Une commune a délégué le service public du chauffage urbain à une société, laquelle a cédé ses quotas d'émissions excédentaires et encaissé le produit de ces ventes. La cour administrative d'appel juge que la commune n'est pas fondée à demander à sa délégataire le montant correspondant au prix de la cession des quotas. En jeu, tout de même : plusieurs centaines de milliers d'euros.

Une commune avait délégué le service public du chauffage urbain à une société. En tant qu'opérateur de la chaufferie centrale et donc exploitante de l'installation, des quotas d'émission de CO2 ont été délivrés à la société délégataire dans le cadre du Plan national d'affectation des quotas 2005-2007 (PNAQ 1).
En jeu : un pactole de plus de 600 000 euros
Sur la période 2005-2007, la délégataire a cédé ses quotas excédentaires sur le marché dédié et encaissé le produit de ces ventes.
 
À la suite de l'analyse des comptes de sa délégataire, la commune a alors émis un titre de recettes d'un montant de 625 753,18 euros, correspondant au prix de ces cessions, augmenté des intérêts.
 
À la demande de la délégataire, le tribunal administratif a annulé le titre de recettes et l'a déchargée de la somme demandée.
 
La commune décide de faire appel du jugement.
Les arguments de la commune écartés les uns après les autres
Les quotas ne constituent pas des biens de retour
La commune soutenait que c'était à tort que le tribunal avait considéré que les quotas ne constituaient pas des biens de retour et qu'elle n'avait pas vocation à se voir rétrocéder les revenus issus de la cession des quotas.
 
Pour les juges du fond, les quotas dont la cession était en cause avaient été, conformément à l'article L. 229-15 du code de l'environnement, délivrés à la société délégataire, qui avait alors seule la qualité d'exploitante de l'installation.
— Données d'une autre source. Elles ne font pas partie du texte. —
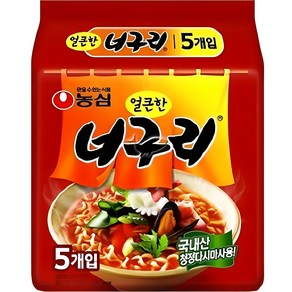 너구리 얼큰한 맛 120g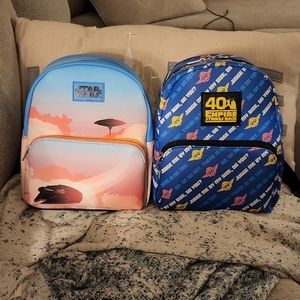 Star Wars- Funko Mini Backpacks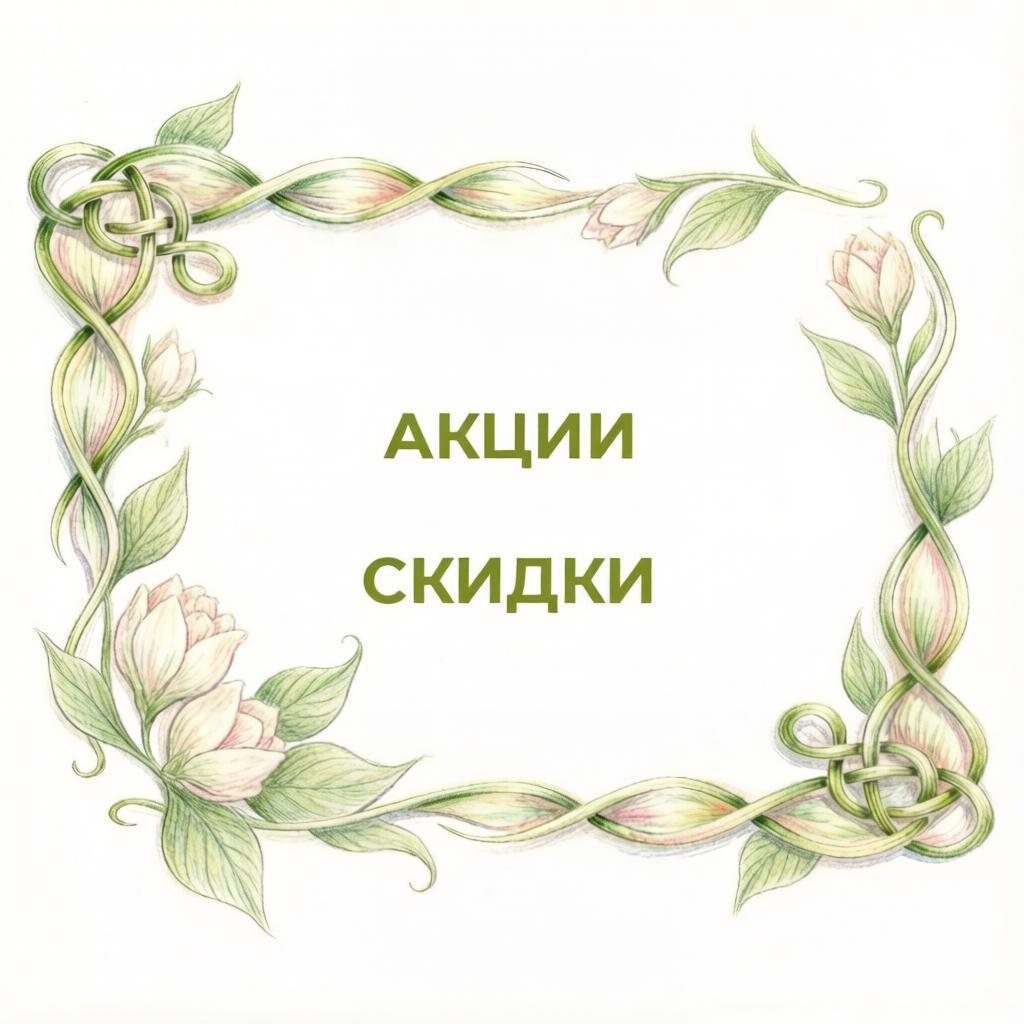 Акции и скидки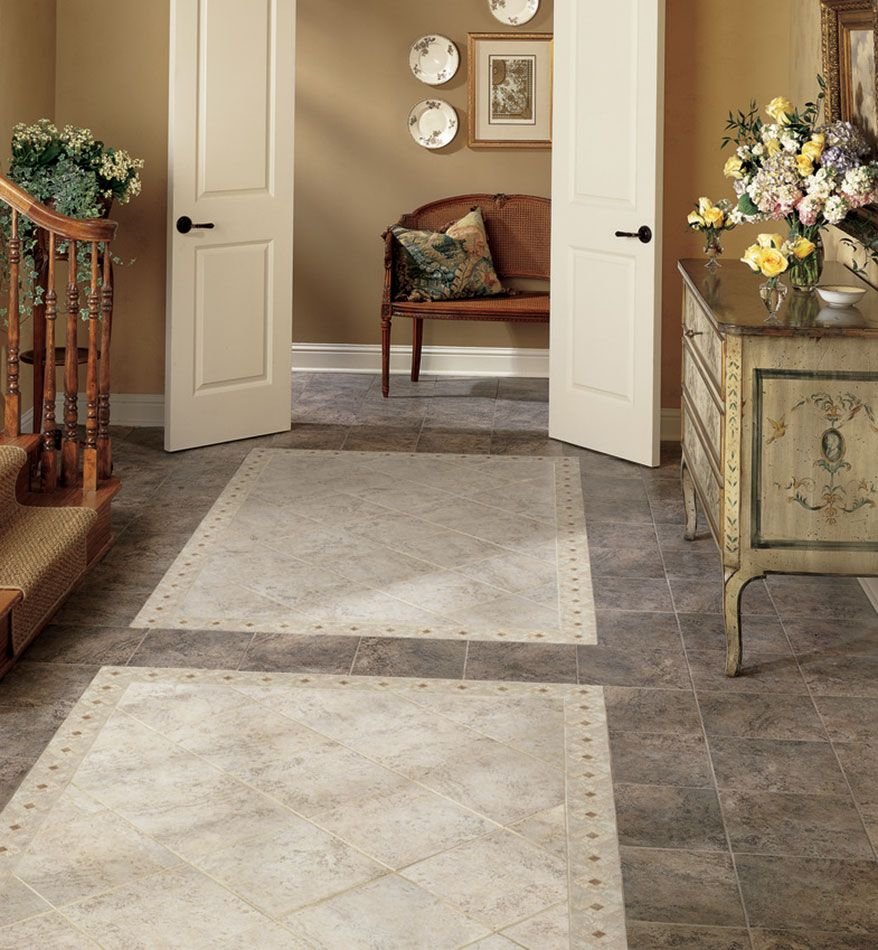 Напольная плитка для прихожей
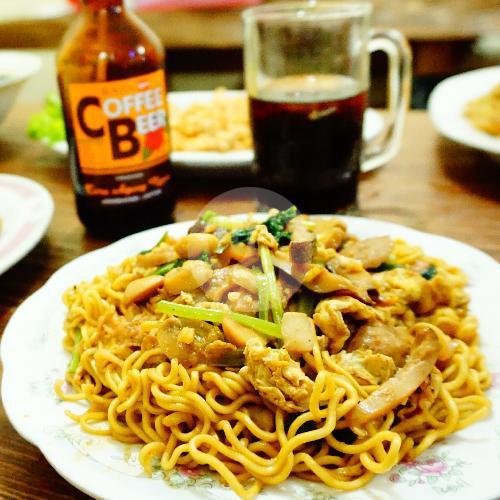 Pangsit Mie menu Depot Restu Chinese Food, Dukuh Kupang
La commune ne pouvait donc se prévaloir d'un droit de propriété dès l'origine sur les quotas ainsi cédés, alors même que ces derniers étaient indispensables au fonctionnement du service public. Ces quotas excédentaires ne relevaient pas des biens de retour.
Le silence de la convention sur les quotas
En outre, la convention liant la collectivité à sa délégataire n'évoquait pas les quotas d'émission et le sort des revenus issus de leur cession en cours d'exécution du contrat. Dès lors, la commune, qui, n'était pas propriétaire des quotas qui ont été cédés par son concessionnaire, ne justifiait d'aucun droit à obtenir, en cours d'exécution de la convention, la rétrocession des revenus issus de leur vente.
Pas d'enrichissement sans cause
La commune soutenait que l'encaissement par la délégataire des sommes issues de la cession de quotas constituait un enrichissement sans cause.
 
Cependant, pour la cour administrative d'appel, l'enrichissement de la délégataire n'était pas dépourvu de cause, mais résultait de sa qualité de détenteur de quotas d'émission de gaz à effet de serre, ce qui lui permettait de les céder. Ainsi, la commune n'était pas fondée à demander une quelconque somme au titre de l'enrichissement sans cause.
Pas d'obligation d'information de la commune
La commune faisait valoir qu'il appartenait à la délégataire d'informer le délégant du changement de circonstance de fait et de droit, ce qui aurait permis d'engager une renégociation des clauses financières du contrat et qu'en s'en étant abstenu, elle avait fait preuve de déloyauté contractuelle.
 
Mais selon les juges, aucune disposition législative ou réglementaire ni aucune stipulation contractuelle n'imposait à la société d'informer la collectivité d'une telle vente, ni ne faisait obstacle à ce qu'elle en perçoive la contrepartie. La commune n'était dès lors pas fondée à soutenir que son concessionnaire avait méconnu son obligation de loyauté contractuelle en encaissant les sommes résultant de la cession de quotas excédentaires, sans l'en informer.
Un déséquilibre des relations contractuelles écarté
La commune invoquait une rupture de l'équilibre du contrat de délégation du service public du chauffage urbain, la cession indue de quotas d'émission ayant diminué la part de risque de la délégataire et engendré un déséquilibre des relations contractuelles au détriment de la collectivité.
 
Une telle circonstance, si elle était établie, aurait été de nature à justifier la résiliation du contrat. Toutefois, selon les juges d'appel, elle ne pouvait être utilement invoquée par une collectivité pour obtenir de son concessionnaire les sommes qu'elle demande au titre d'une cession prétendument indue de quotas de gaz à effet de serre.